I'll shoot just about anything. I'll pass shooting anything, let Draxler kill it, then claim it.


----------



## Donttreadonme (Sep 11, 2007)

Dustin Richardson said:


> I'll shoot just about anything. I'll pass shooting anything, let Draxler kill it, then claim it.


 -_O-

Ain't that the truth.

I am an equal opportunity shooter. No birds get a free pass. Cans, Redheads, Bluebills and Wood duck hens get a pass when there are plenty of birds flying, but that is only because I would rather have drakes.


----------



## shaun larsen (Aug 5, 2011)

A duck is a duck in my eyes. They all fly the same, they all work the decoys the same and they all fall the same


----------



## NothinButGreen (Dec 4, 2010)

shaun larsen said:


> A duck is a duck in my eyes. They all fly the same, they all work the decoys the same and they all fall the same


Except for coots. Those it depends how fast your driving your boat :shock:


----------



## shaun larsen (Aug 5, 2011)

Dustin Richardson said:


> [quote="shaun larsen":10o83j5w]A duck is a duck in my eyes. They all fly the same, they all work the decoys the same and they all fall the same


Except for coots. Those it depends how fast your driving your boat :shock:[/quote:10o83j5w]
good thing i got a fast one huh! o-|| :O•-:


----------



## Phragmites (Sep 12, 2007)

Man what a loaded question. If you kill a bird you should consume it, if your just shooting birds to kill something, Well in my eyes you our doing it wrong.

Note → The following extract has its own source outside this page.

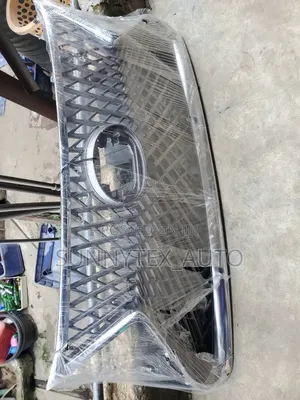 Front Grill Lexus Is500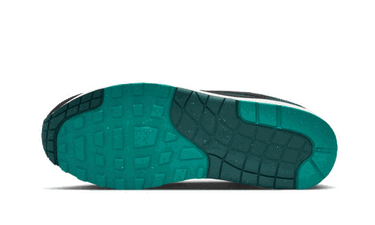 Кецове и обувки Nike LeBron x Liverpool x Air Max 1 Зелено | FB8914-100, 2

Where is the value in having a freezer full of dead birds? Really how many birds can one person eat in a season? With as much hunting pressure on birds any more it would be good to see a little restraint from the community. Maybe saving that shell on an out of range bird or passing on some goldeneyes because you have no intention of eating it. Or maybe passing on some hens because you have allready shot enough birds this year. Or maybe not shooting at mallards because your hunting geese there our a number of different scenario's where you can show restraint. But with that said it is just a suggestion and i hope you our taking advantage of all the public ground Utah has to offer and doing it legally and continuing the fine tradition that is waterfowling in Utah.


----------



## shaun larsen (Aug 5, 2011)

Phragmites said:


> Man what a loaded question. If you kill a bird you should consume it, if your just shooting birds to kill something, Well in my eyes you our doing it wrong. Where is the value in having a freezer full of dead birds? Really how many birds can one person eat in a season? With as much hunting pressure on birds any more it would be good to see a little restraint from the community. Maybe saving that shell on an out of range bird or passing on some goldeneyes because you have no intention of eating it. Or maybe passing on some hens because you have allready shot enough birds this year. Or maybe not shooting at mallards because your hunting geese there our a number of different scenario's where you can show restraint. But with that said it is just a suggestion and i hope you our taking advantage of all the public ground Utah has to offer and doing it legally and continuing the fine tradition that is waterfowling in Utah.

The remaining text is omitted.